§ **Short web captions**:
++++++
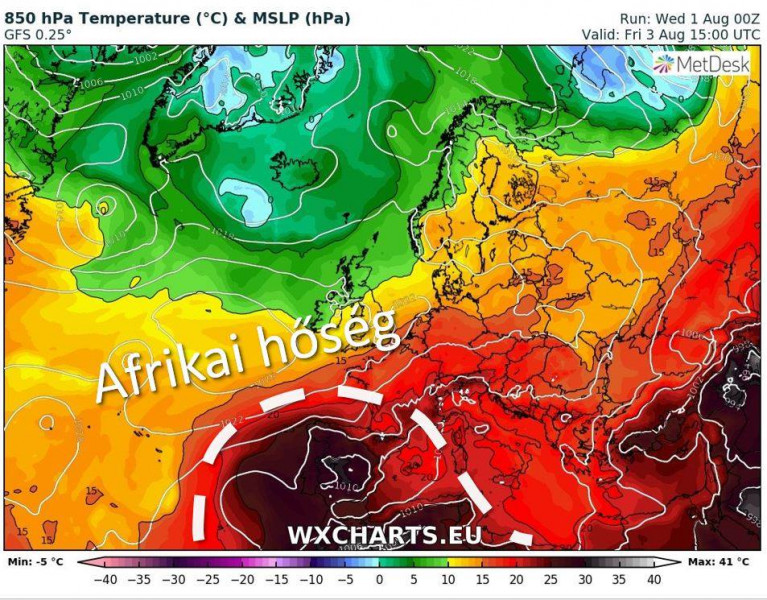 Hőhullám Délnyugat-Európában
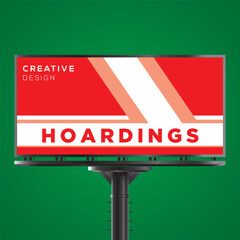 Creative Hoarding Billboard banner Advertising temlate Squre and Round Coircular templates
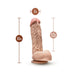 Dr. Skin Mr. D 8.5 In. Dildo With Balls Beige - SexToy.com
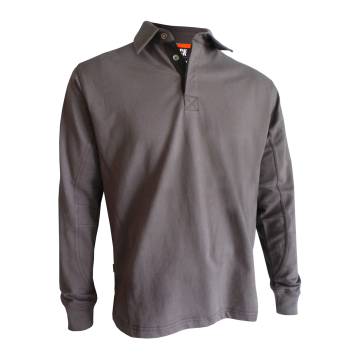 Troja Polo Long Sleeves GREY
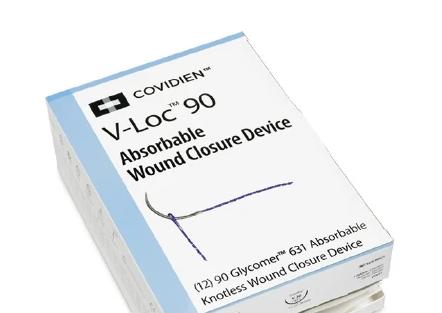 Covidien V-Loc 90 Wound Closure Device Suture with Needle Absorbable Uncoated Undyed Suture Barbed Monofilament Polyester Size 2-0 6 Inch Suture 1-Needle 19 mm Length 3/8 Circle Reverse Cutting Needle - VLOCM0005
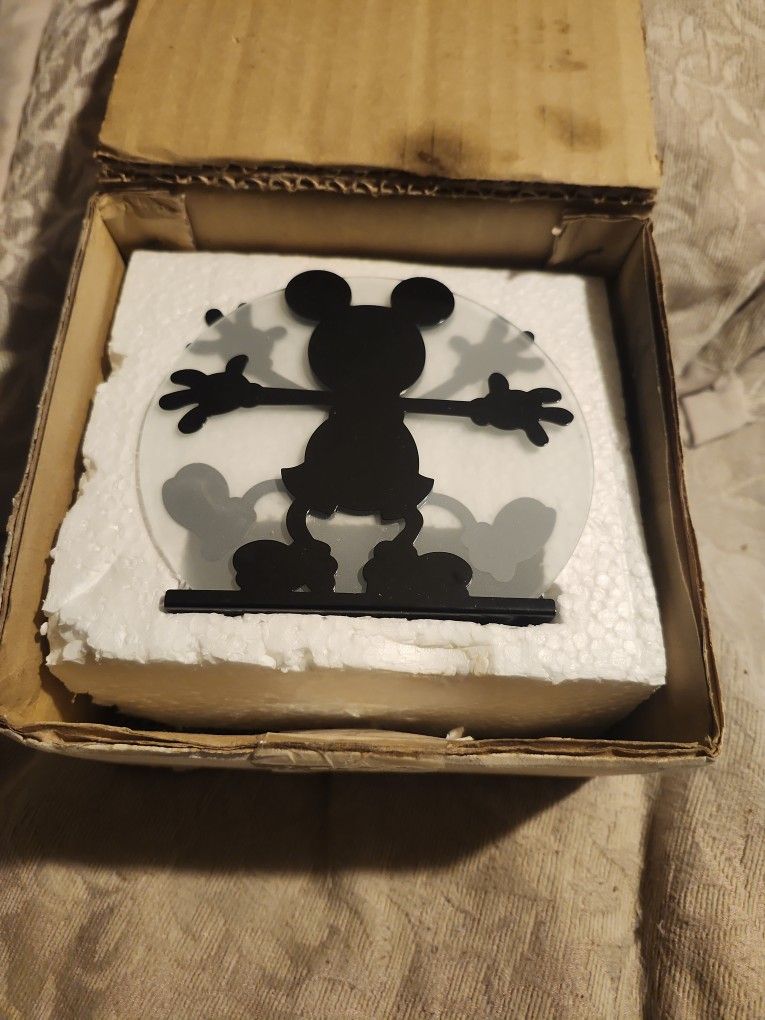 Mickey Mouse Candle Holder Collectibe Vintage Asking 15 Brand New
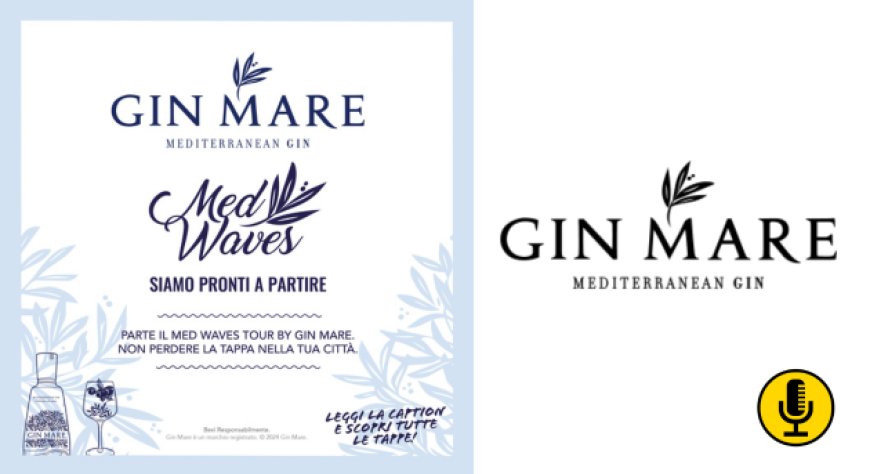 Gin Mare in giro per l'Italia con il Med Waves Tour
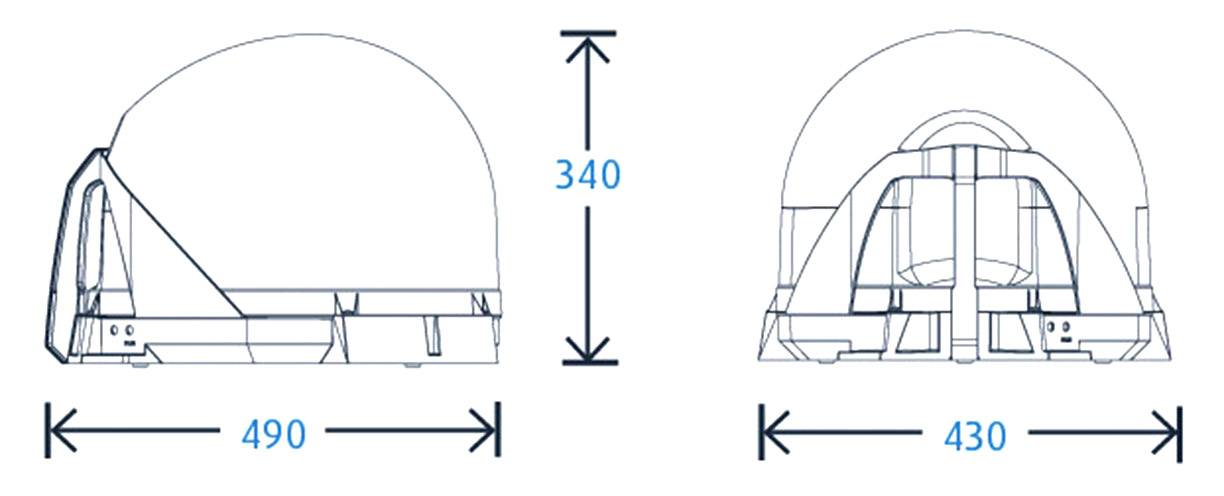 Maxview VuQube II Camping SAT-Anlage ohne Receiver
++++++
§ **Problem to work on**: If any image appears in the entries, omit it and return the rest verbatim.

§ **Response to this exercise**:
 Hőhullám Délnyugat-Európában
 Creative Hoarding Billboard banner Advertising temlate Squre and Round Coircular templates
 Dr. Skin Mr. D 8.5 In. Dildo With Balls Beige - SexToy.com
 Troja Polo Long Sleeves GREY
 Covidien V-Loc 90 Wound Closure Device Suture with Needle Absorbable Uncoated Undyed Suture Barbed Monofilament Polyester Size 2-0 6 Inch Suture 1-Needle 19 mm Length 3/8 Circle Reverse Cutting Needle - VLOCM0005
 Mickey Mouse Candle Holder Collectibe Vintage Asking 15 Brand New
 Gin Mare in giro per l'Italia con il Med Waves Tour
 Maxview VuQube II Camping SAT-Anlage ohne Receiver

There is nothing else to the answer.